** Opening Source material block **
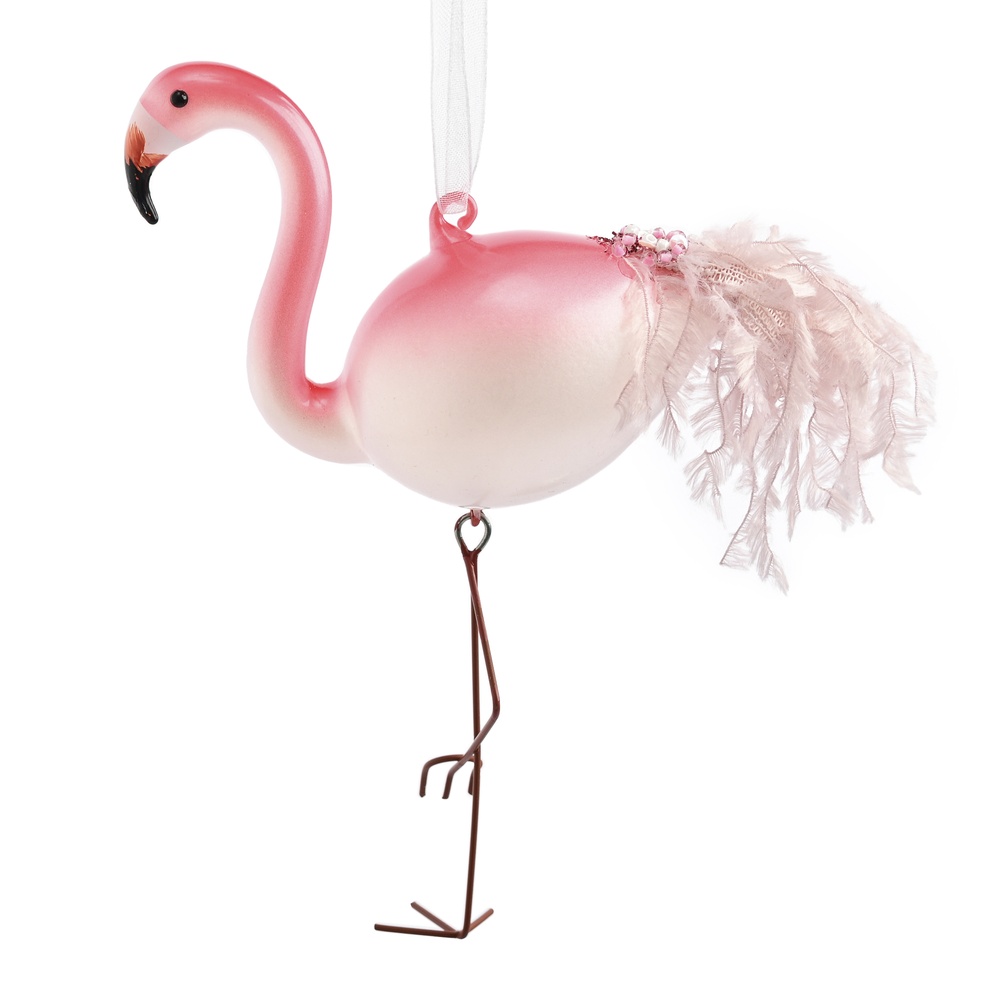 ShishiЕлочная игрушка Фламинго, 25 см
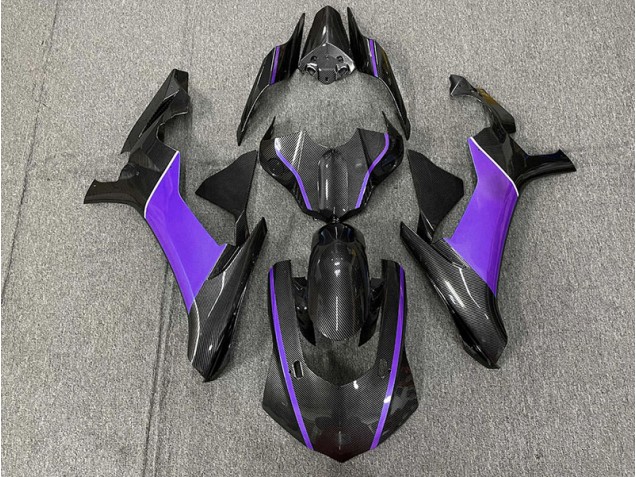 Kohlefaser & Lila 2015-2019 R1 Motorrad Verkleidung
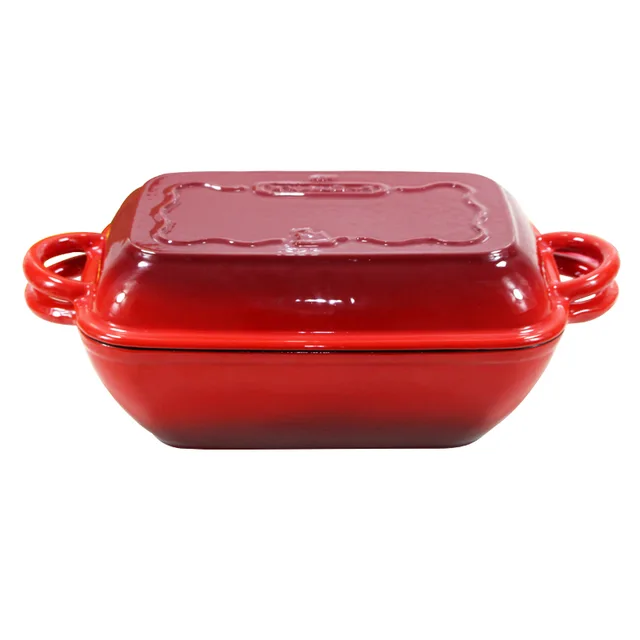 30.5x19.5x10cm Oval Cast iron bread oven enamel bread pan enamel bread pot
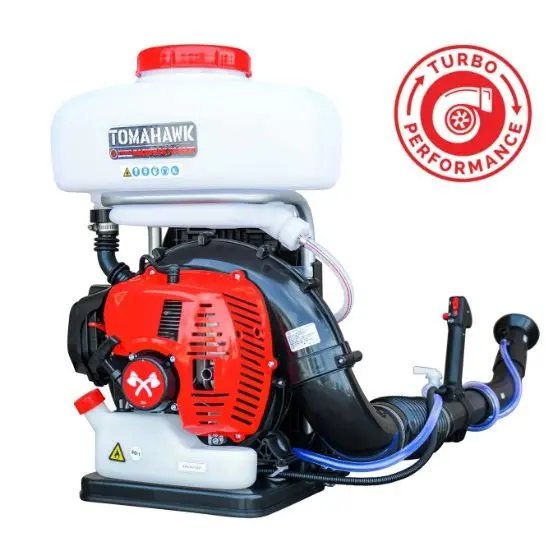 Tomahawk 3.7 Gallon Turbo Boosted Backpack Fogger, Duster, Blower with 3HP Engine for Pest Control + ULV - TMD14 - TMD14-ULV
** Closing Source material block **
• Work to complete
Reproduce nothing but the lines from the line containing "Kohlefaser & Lila" through the last line of the data above, exactly as written and without pictures.

• Result of this task
 Kohlefaser & Lila 2015-2019 R1 Motorrad Verkleidung
 30.5x19.5x10cm Oval Cast iron bread oven enamel bread pan enamel bread pot
 Tomahawk 3.7 Gallon Turbo Boosted Backpack Fogger, Duster, Blower with 3HP Engine for Pest Control + ULV - TMD14 - TMD14-ULV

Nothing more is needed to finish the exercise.